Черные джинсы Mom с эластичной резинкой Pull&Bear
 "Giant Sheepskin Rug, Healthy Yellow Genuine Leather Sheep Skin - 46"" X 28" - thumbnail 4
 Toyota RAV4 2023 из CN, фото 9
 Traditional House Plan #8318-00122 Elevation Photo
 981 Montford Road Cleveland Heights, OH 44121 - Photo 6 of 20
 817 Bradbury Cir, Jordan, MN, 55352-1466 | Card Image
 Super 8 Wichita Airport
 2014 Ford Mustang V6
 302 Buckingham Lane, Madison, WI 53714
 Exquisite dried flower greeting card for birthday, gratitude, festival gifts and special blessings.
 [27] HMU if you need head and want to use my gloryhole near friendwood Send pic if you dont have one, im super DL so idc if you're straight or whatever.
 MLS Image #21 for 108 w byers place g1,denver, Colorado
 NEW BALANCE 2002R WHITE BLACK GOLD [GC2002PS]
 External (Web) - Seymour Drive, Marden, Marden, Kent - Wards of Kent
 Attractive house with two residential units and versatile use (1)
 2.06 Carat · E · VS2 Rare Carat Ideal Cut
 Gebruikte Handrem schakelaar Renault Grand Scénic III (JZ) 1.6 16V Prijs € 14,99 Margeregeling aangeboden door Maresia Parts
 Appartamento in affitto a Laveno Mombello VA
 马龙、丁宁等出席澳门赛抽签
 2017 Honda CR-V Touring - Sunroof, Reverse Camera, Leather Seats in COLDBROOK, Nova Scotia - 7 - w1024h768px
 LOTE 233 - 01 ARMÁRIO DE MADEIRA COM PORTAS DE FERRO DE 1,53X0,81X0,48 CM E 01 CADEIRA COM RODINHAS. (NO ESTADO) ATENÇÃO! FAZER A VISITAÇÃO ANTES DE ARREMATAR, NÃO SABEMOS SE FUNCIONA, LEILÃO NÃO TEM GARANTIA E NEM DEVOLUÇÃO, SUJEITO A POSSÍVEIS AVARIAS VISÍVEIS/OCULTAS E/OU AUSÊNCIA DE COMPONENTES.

....................

Beginning at the line with "817 Bradbury Cir, Jordan, MN, 55352-1466" and stopping after the line with "2.06 Carat · E · VS2 Rare Carat Ideal Cut", please write out every line of the data above exactly and nothing else.

 817 Bradbury Cir, Jordan, MN, 55352-1466 | Card Image
 Super 8 Wichita Airport
 2014 Ford Mustang V6
 302 Buckingham Lane, Madison, WI 53714
 Exquisite dried flower greeting card for birthday, gratitude, festival gifts and special blessings.
 [27] HMU if you need head and want to use my gloryhole near friendwood Send pic if you dont have one, im super DL so idc if you're straight or whatever.
 MLS Image #21 for 108 w byers place g1,denver, Colorado
 NEW BALANCE 2002R WHITE BLACK GOLD [GC2002PS]
 External (Web) - Seymour Drive, Marden, Marden, Kent - Wards of Kent
 Attractive house with two residential units and versatile use (1)
 2.06 Carat · E · VS2 Rare Carat Ideal Cut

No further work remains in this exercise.